Segment Open
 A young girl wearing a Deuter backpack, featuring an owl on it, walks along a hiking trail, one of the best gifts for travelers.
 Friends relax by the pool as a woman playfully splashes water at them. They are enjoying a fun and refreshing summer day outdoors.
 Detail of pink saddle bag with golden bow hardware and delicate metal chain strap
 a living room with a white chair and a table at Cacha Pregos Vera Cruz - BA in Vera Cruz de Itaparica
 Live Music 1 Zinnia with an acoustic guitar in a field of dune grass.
Segment Closed
Segment Open
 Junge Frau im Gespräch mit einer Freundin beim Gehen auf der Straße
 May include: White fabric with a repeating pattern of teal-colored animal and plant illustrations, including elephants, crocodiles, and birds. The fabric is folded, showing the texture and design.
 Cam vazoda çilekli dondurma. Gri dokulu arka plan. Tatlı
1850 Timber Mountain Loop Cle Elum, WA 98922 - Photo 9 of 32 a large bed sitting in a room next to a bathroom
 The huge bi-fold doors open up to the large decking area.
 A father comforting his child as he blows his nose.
Segment Closed
Work instruction> From the data above, output exactly the lines between the one containing "The huge bi-fold" and the one containing "A father comforting", counting both of them.

Task output>
 The huge bi-fold doors open up to the large decking area.
 A father comforting his child as he blows his nose.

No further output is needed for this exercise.